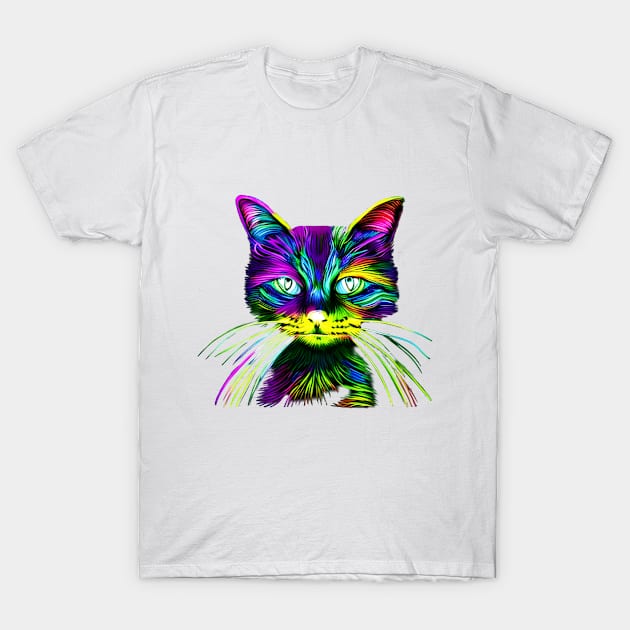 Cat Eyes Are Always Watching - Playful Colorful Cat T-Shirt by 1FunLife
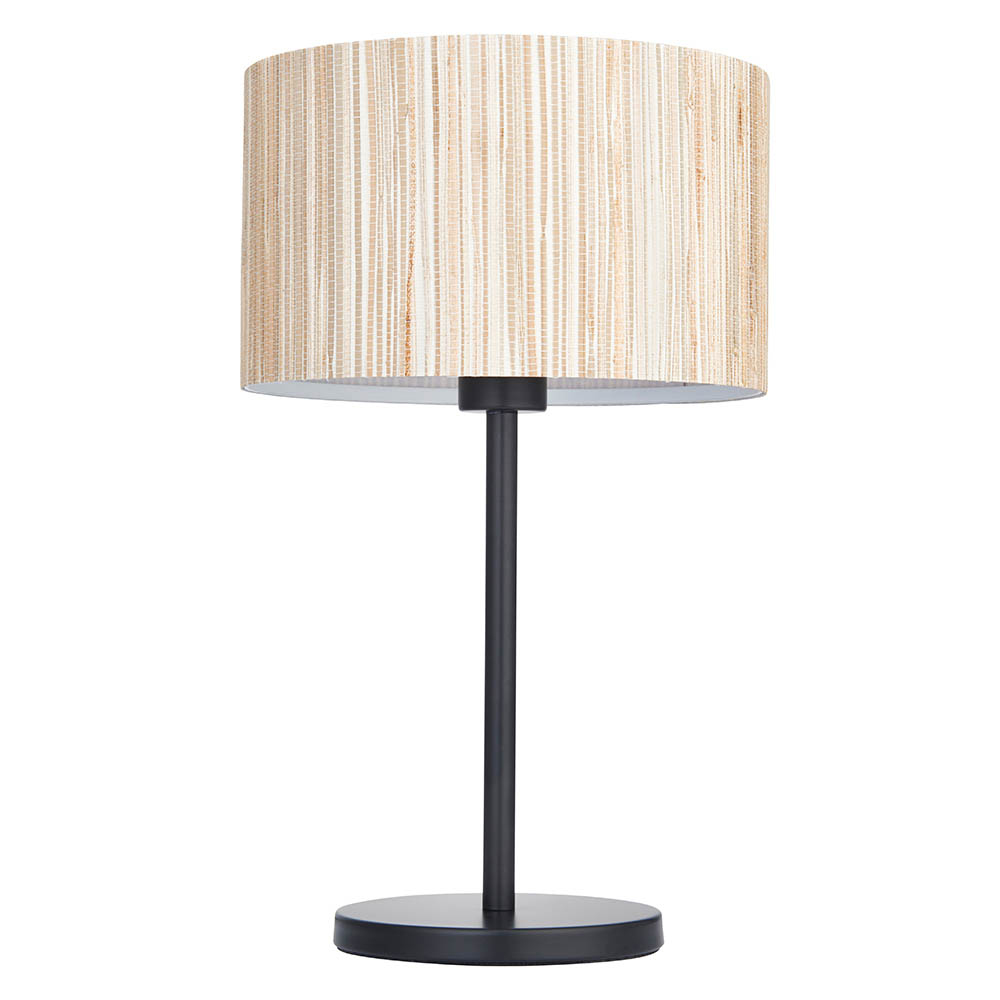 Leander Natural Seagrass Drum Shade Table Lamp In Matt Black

---

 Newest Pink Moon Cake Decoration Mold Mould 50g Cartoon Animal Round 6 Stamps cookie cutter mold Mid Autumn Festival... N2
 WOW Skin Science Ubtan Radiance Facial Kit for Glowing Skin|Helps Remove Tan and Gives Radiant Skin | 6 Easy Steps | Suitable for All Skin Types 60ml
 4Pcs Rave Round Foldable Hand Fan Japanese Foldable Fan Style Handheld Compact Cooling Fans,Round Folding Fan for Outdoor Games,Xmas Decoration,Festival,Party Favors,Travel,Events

==

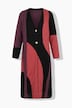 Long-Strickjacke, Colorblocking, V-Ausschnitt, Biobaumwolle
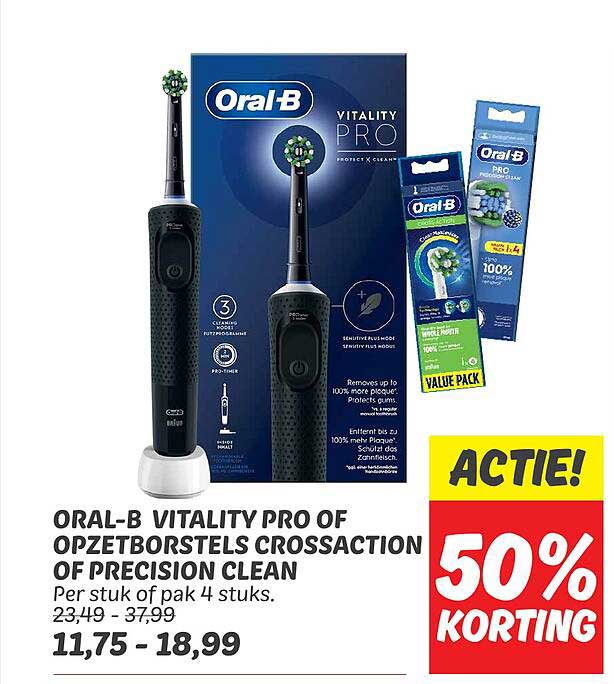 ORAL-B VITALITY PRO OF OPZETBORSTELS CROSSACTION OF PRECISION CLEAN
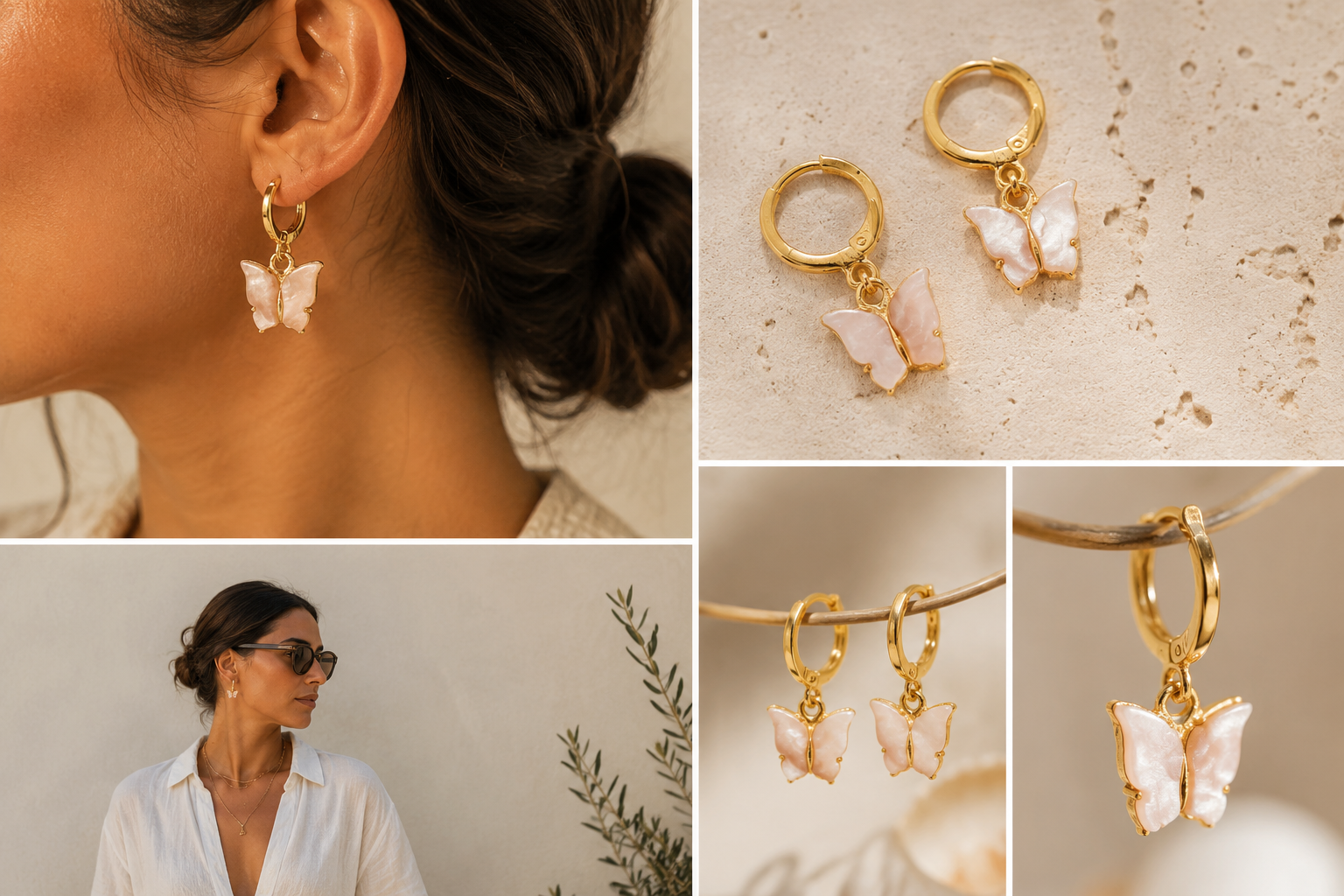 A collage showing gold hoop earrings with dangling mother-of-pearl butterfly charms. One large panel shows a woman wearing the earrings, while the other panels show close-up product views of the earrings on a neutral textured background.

WHAT THE TASK ASKS: From the records above, copy exactly the lines starting at the one with "Long-Strickjacke, Colorblocking, V-Ausschnitt, Biobaumwolle" and ending at the one with "ORAL-B VITALITY PRO", and no others. Pictures stay out.

OUTPUT BELOW:
 Long-Strickjacke, Colorblocking, V-Ausschnitt, Biobaumwolle
 ORAL-B VITALITY PRO OF OPZETBORSTELS CROSSACTION OF PRECISION CLEAN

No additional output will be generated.